Выбрать главу

Однако, как выяснилось, действительно мужественным людям, а не таким эскапистам, как автор этих строк, было не пофиг, и Кочетов, в своём «Чего же ты хочешь?», «проехался» и по Ромму. Очень деликатно (не назвав ни фамилии режиссёра, ни названия фильма) упомянув сам по себе феномен фильмов-намёков с подмигиванием, он высказался по существу: есть, мол, такие режиссёры, которые, снимая фильмы якобы о фашизме, на самом деле подразумевают советский строй.

И ведь точно: вскоре это уже стало поистине моровым поветрием — и в литературе (Стругацкие), и в кино (все интеллигенты просто тащились от фильма «Кин-дза-дза!» Данелии, снятого, правда, уже в начале перестройки, но всё в том же тухловатом жанре толстого намёка. Ах, если бы Данелия остановился на «Осеннем марафоне», то мы бы не узнали, какой печальной может быть деградация профессионалов; когда уже нечего сказать, лучше, наверное, вовремя ставить точку, но оставлять по себе благодарную память).

На якобы «документальный» фильм Ромма Кочетов, устами одного из своих героев, намекнул таким образом:

Недавно я смотрел одну хроникальную картину о фашизме. Так там, видела бы ты, как дело представлено!
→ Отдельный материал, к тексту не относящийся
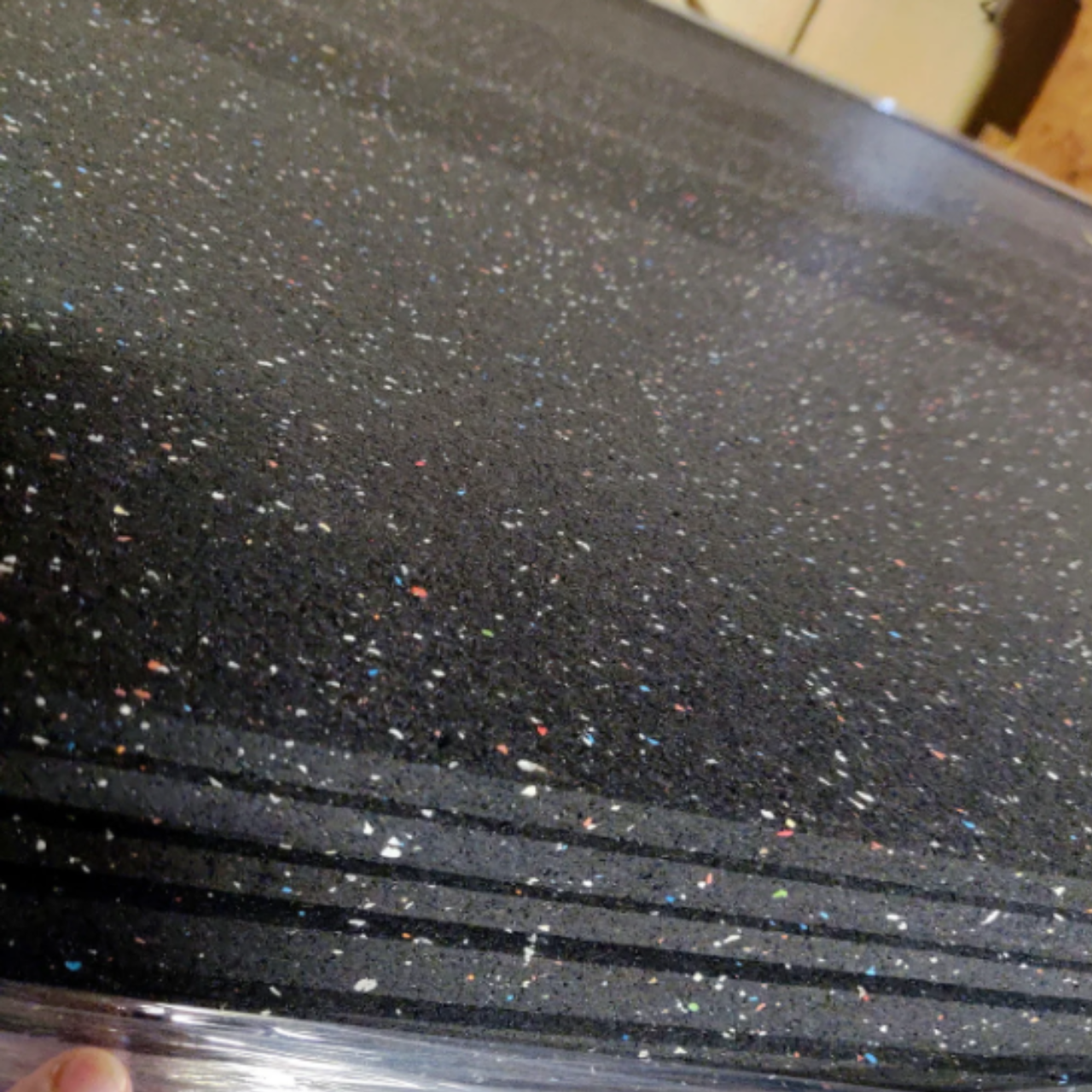 NEW Hammer Clad 8mm Premium Gym Flooring Mats 4' x 6' (Blem)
В зале, понятно, смех. Хитро представлено, я тебе скажу. Вроде бы оно о Гитлере, а намёк на нас. И такой эпизодик, и другой. В зале, понятно, смех — народ не дурак, понимает эти фокусы. Так что ты думаешь? Этому-то, кто такую картинку склеил, премию отвалили! Вот работают люди! Это нехорошо. Это подло. Если ты с чем-то не согласен, ты будь честным, выступи, открыто выскажи своё мнение, своё несогласие. Но вот так, из-за угла, всё перевёртывая с ног на голову, это же очень грязное дело!
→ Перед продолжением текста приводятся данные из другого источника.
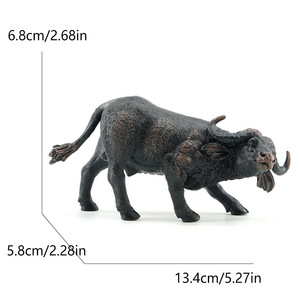 Modelo de vaca silvestre de simulación transfronteriza, búfalo, rinoceronte, <span class=keywords><strong>takin</strong></span>, vaca Simmental amarilla, PVC para ensamblaje y cognición infantil - Product Image 6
Кто-нибудь скажет, что и «Семнадцать мгновений весны» — это «намёк на нас». В каком-то смысле (из разговоров Штирлица с Борманом тогдашние интеллигенты делали вывод, что примерно так же разговаривают «бонзы» Политбюро. Увы. Судя по стенограммам, там было всё просто и прагматично, без всяких философических бесед о природе власти). Да, но каков уровень! Лиознова была той же национальности, что и Ромм, но это именно тот случай, когда можно сказать, что у таланта нет национальности. У таланта, подчеркнём. В отличие от.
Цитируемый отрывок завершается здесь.